Durante algún tiempo se decía algo así como que no hay nada más tonto que un obrero de derechas. Más allá de la improcedencia de la frase, distintos estudios, entre ellos, los efectuados por el reconocido economista Thomas Piketty, concluyen que la izquierda ha dejado de seducir a las clases populares y forma ahora el corazón de la base electoral de las derechas y extremas derechas.

Junto a los desaciertos de la izquierda y la falta de capacidad de enganche con lo que habían sido su base electoral más fiel, el auge conservador y los populismos han tenido mucho que ver con la elaboración de unos mensajes que se han anclado en el subconsciente y en la cartera de los votantes, moviéndolos a girar su voto buscando puertos que entienden más seguros que los ofrecidos por partidos progresistas.

No es objeto este artículo realizar un análisis profundo, acerca del proceso y las causas, de ese viraje hacia posiciones conservadoras de aquellas capas de la sociedad que anteriormente eran fieles votantes de partidos socialdemócratas. Pero si parece interesante hacer alguna reflexión con diferentes elementos de la comunicación electoral que han contribuido a este movimiento.
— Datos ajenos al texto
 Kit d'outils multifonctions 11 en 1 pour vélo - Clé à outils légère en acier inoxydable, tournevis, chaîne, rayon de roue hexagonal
Algunos de los mensajes que han tenido más fortuna son aquellos vinculados a la seguridad, consignas constantes que trasmiten el convencimiento de una mejor defensa de la ciudadanía por partidos conservadores, al margen de los resultados reales en cuanto a control de la delincuencia y niveles de inseguridad, lo cierto es que la mano dura con los delincuentes parece que se ha convertido en patrimonio de la derecha o de la extrema derecha y por tanto es un valor que ofrece garantías a grupos de población que sustituyen la ideología por la conveniencia, en estos casos el miedo es un factor que agitado debidamente ayuda a realizar ese trayecto.

También resulta sencillo convencer de todo aquello que tiene que ver con la emigración, los males que provoca relacionados con el empleo, la inseguridad, el abuso de los sistemas de bienestar por los foráneos en detrimento de los lugareños, este es un mensaje machaconamente repetido mientras resulta mucho menos frecuente escuchar los aspectos beneficiosos que aporta la mano de obra que viene de fuera del país y se hace cargo de empleos poco o nada demandados por los nacionales.

En este juego de seducción, uno de los elementos más interesantes es el que tiene que ver con los impuestos, se ha acuñado la idea que bajar los impuestos es una práctica de derechas, algo que se utiliza con gran habilidad por las opciones más conservadoras que repiten cansinamente la cantinela de que el dinero está mejor en las manos de los ciudadanos que en las de un monstruo devorador de capitales que es como se muestra al Estado dilapidador. Un mensaje fácil, sencillo de entender y que ofrece elementos de convencimiento que pueden interesar a estratos de la sociedad que no son conscientes del extraño bucle que están apoyando: si el dinero no va al Estado y se lo queda el ciudadano, resulta harto difícil el mantenimiento de servicios públicos destinados a la atención de las necesidades más básicas. La consecuencia a medio plazo es fácil de comprender: ante la ausencia y el deterioro de los dispositivos del bienestar, no queda más remedio que utilizar ese dinero, que supuestamente quedaba en poder de los particulares, dirigiéndolo a manos del capital, convertido en aseguradoras, servicios médicos privados, colegios y universidades. El resultado es un flaco favor a la supuesta independencia ya que, en realidad, los ciudadanos actúan como meros intermediarios frente a un mercado que se lleva este dinero reclamado para su bolsillo y que, paradójicamente, acaba en manos de unas empresas privadas que ofrecen servicios con menos garantías, generadores de enormes desigualdades e inequidad y, además, en ocasiones, más caros que los supuestos dispendios del Estado, en fin, hay muchas formas de ser ingenuo.